Data section start

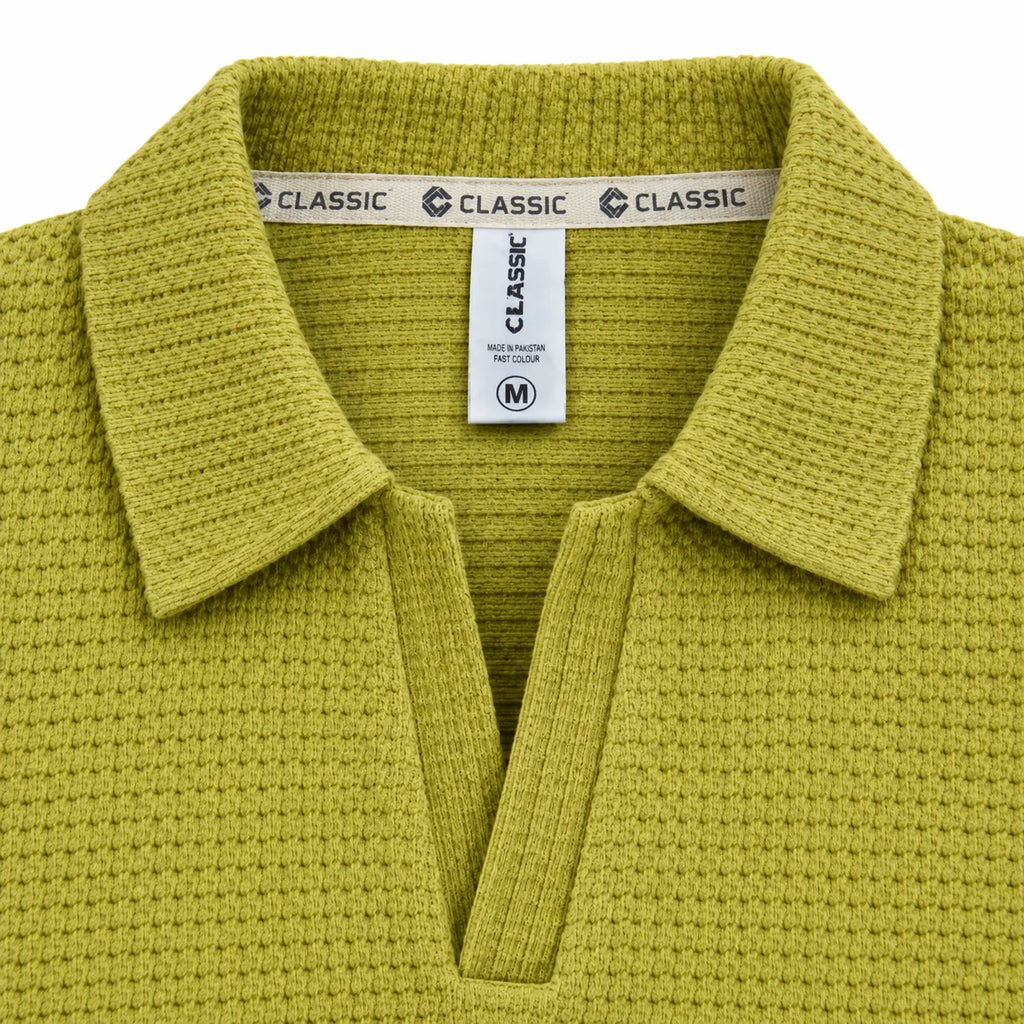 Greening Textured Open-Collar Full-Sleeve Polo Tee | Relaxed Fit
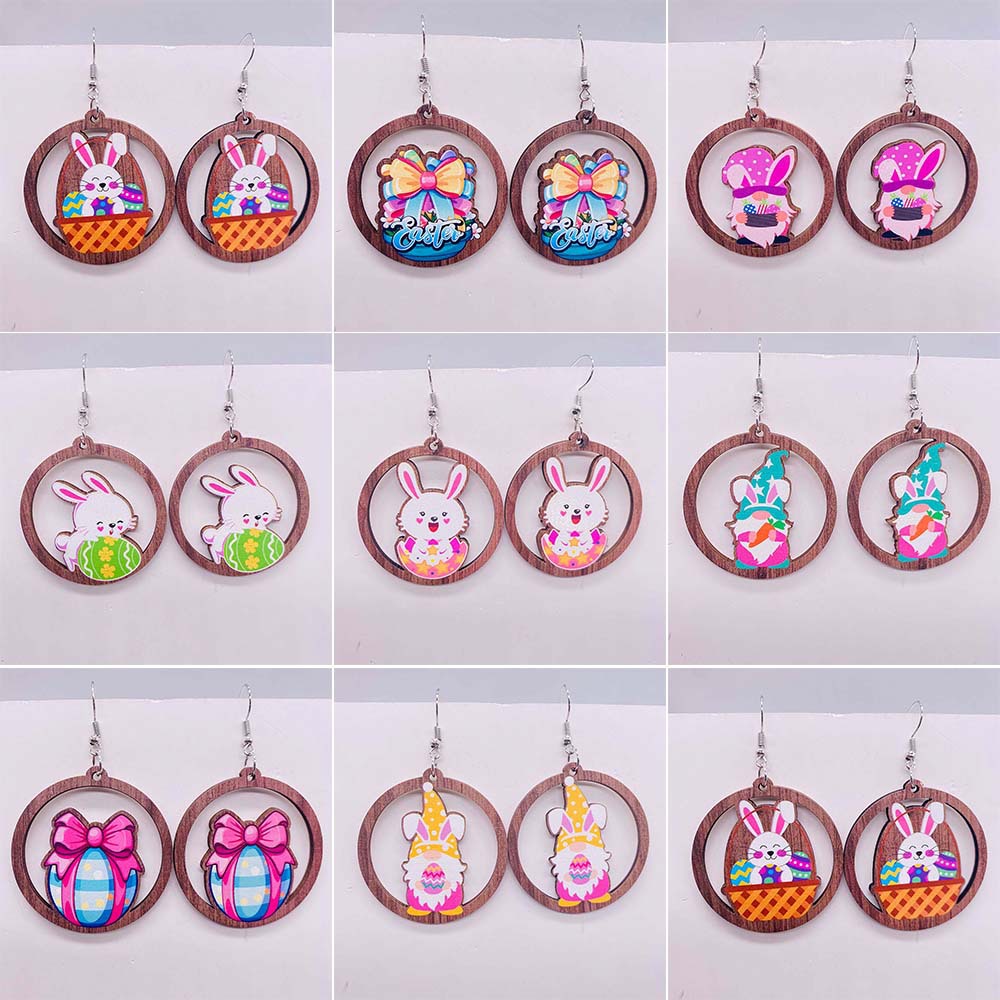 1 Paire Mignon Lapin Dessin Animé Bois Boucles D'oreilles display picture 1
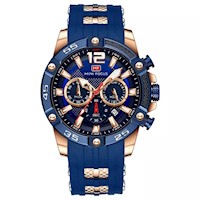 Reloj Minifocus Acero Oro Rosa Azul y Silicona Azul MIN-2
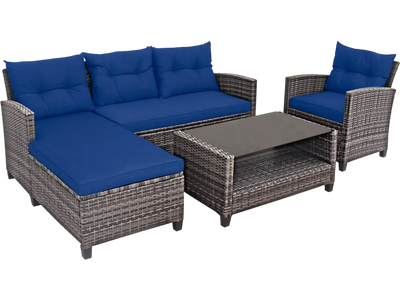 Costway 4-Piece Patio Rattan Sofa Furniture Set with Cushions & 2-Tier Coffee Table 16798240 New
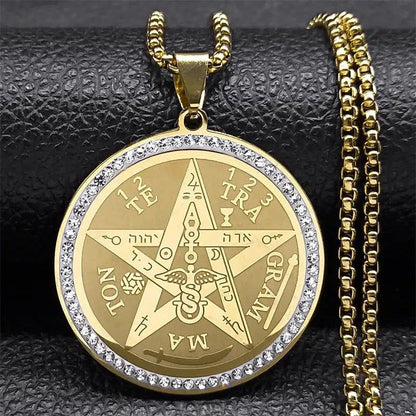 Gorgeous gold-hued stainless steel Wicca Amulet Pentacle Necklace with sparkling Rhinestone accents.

Data section end

Assignment
Would you return the data above exactly as written, minus the images?

Output for this exercise
 Greening Textured Open-Collar Full-Sleeve Polo Tee | Relaxed Fit
 1 Paire Mignon Lapin Dessin Animé Bois Boucles D'oreilles display picture 1
 Reloj Minifocus Acero Oro Rosa Azul y Silicona Azul MIN-2
 Costway 4-Piece Patio Rattan Sofa Furniture Set with Cushions & 2-Tier Coffee Table 16798240 New
 Gorgeous gold-hued stainless steel Wicca Amulet Pentacle Necklace with sparkling Rhinestone accents.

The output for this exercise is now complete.